## ACTIVITY
Reproduce the entries shown below only from the line with "sunrise view of" down to the line with "Actress/writers Amy Poehler", keeping both end lines and copying each one exactly.

======== SOURCE INFORMATION ========

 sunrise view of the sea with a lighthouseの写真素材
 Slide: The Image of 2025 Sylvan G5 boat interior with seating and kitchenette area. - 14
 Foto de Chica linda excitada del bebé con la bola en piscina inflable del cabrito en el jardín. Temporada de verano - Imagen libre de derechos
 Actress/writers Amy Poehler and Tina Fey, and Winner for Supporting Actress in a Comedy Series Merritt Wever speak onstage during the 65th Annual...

========
======== SOURCE INFORMATION ========

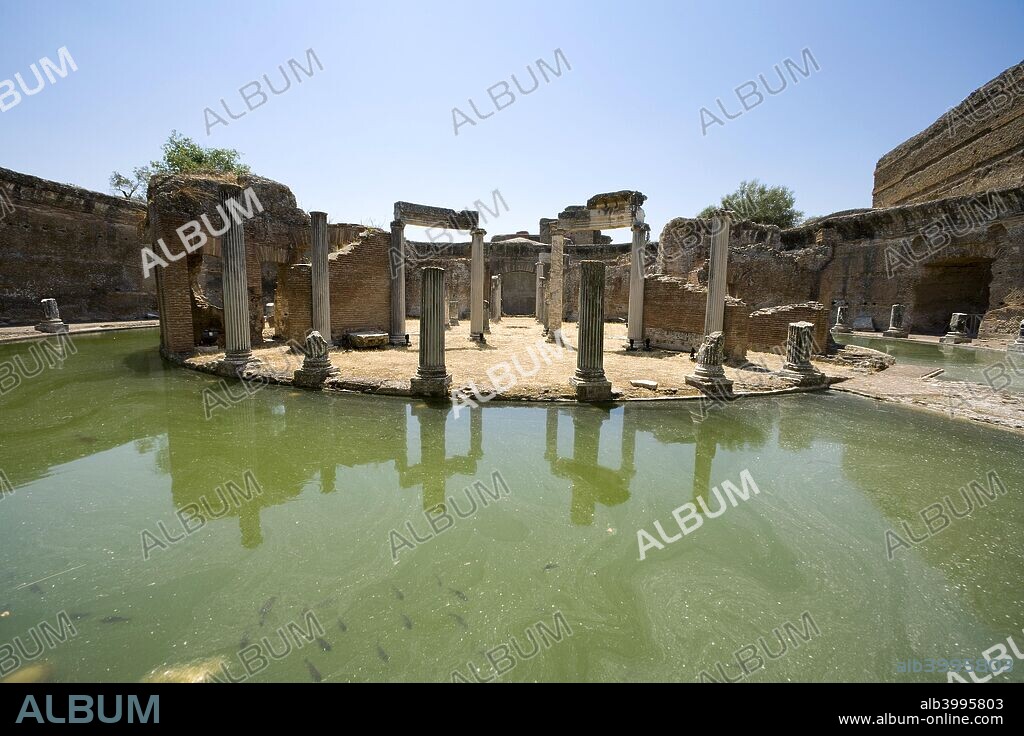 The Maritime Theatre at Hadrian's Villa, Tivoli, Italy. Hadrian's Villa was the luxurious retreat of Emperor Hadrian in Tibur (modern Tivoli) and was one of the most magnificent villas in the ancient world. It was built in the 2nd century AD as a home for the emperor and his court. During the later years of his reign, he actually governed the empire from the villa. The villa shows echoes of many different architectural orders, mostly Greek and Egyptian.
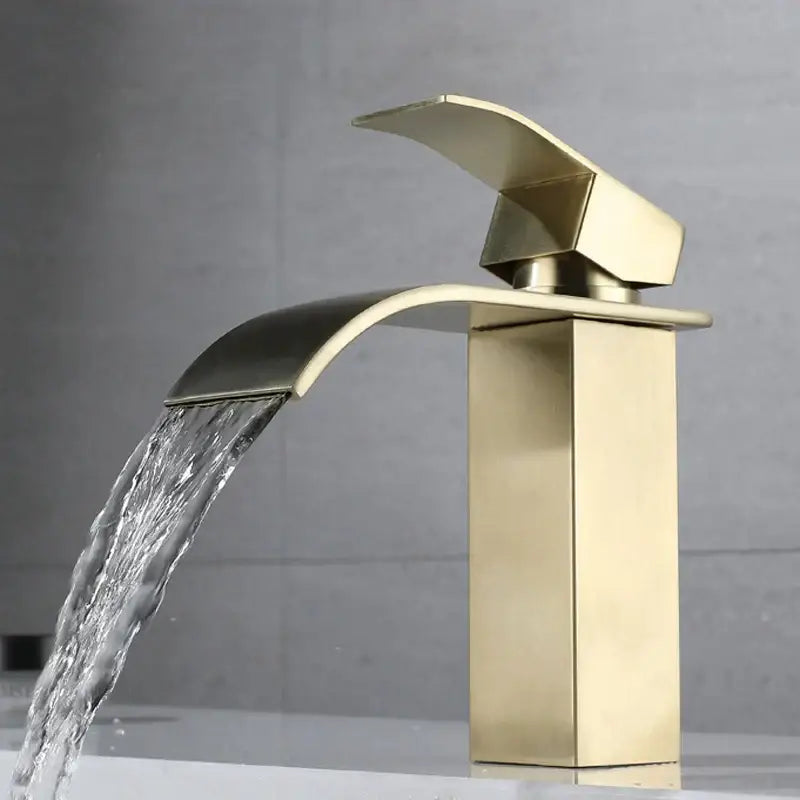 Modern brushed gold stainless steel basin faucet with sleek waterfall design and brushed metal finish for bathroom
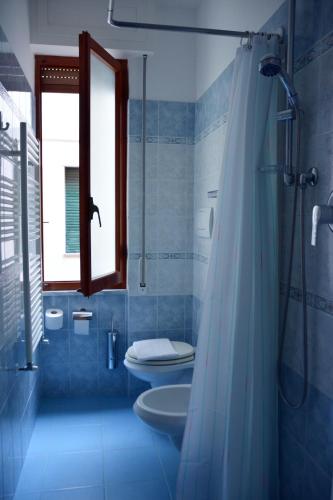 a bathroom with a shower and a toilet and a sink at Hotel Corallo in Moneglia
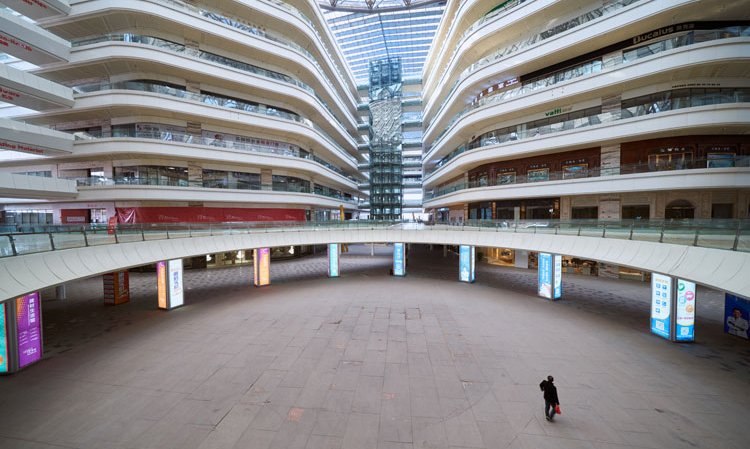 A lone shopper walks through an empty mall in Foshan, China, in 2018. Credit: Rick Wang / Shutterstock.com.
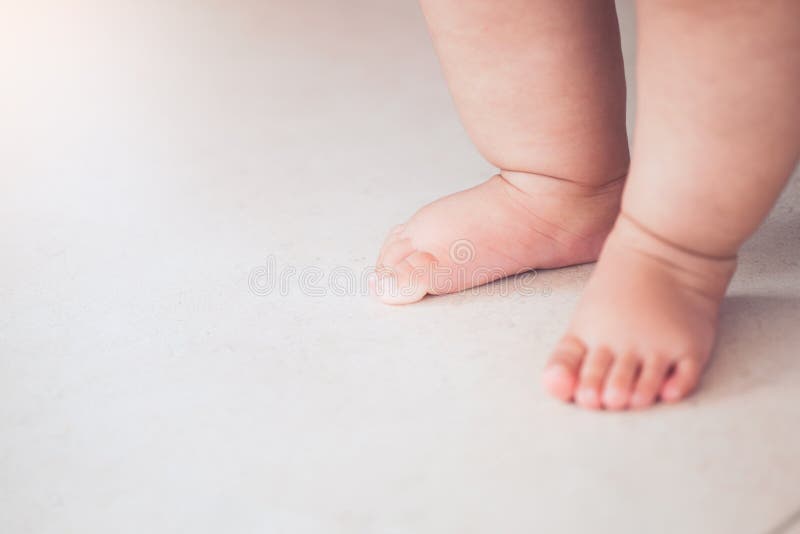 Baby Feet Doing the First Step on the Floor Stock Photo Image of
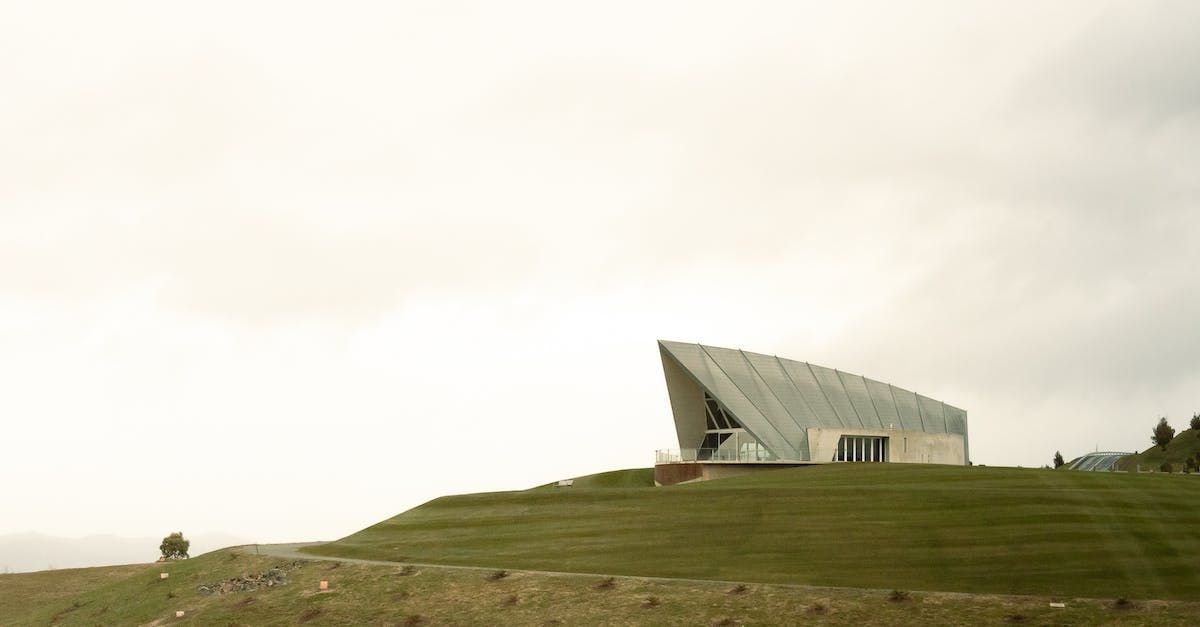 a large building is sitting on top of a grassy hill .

========
======== SOURCE INFORMATION ========

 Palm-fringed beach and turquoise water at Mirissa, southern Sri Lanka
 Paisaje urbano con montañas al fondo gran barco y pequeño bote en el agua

========

## ANSWER SECTION
 sunrise view of the sea with a lighthouseの写真素材
 Slide: The Image of 2025 Sylvan G5 boat interior with seating and kitchenette area. - 14
 Foto de Chica linda excitada del bebé con la bola en piscina inflable del cabrito en el jardín. Temporada de verano - Imagen libre de derechos
 Actress/writers Amy Poehler and Tina Fey, and Winner for Supporting Actress in a Comedy Series Merritt Wever speak onstage during the 65th Annual...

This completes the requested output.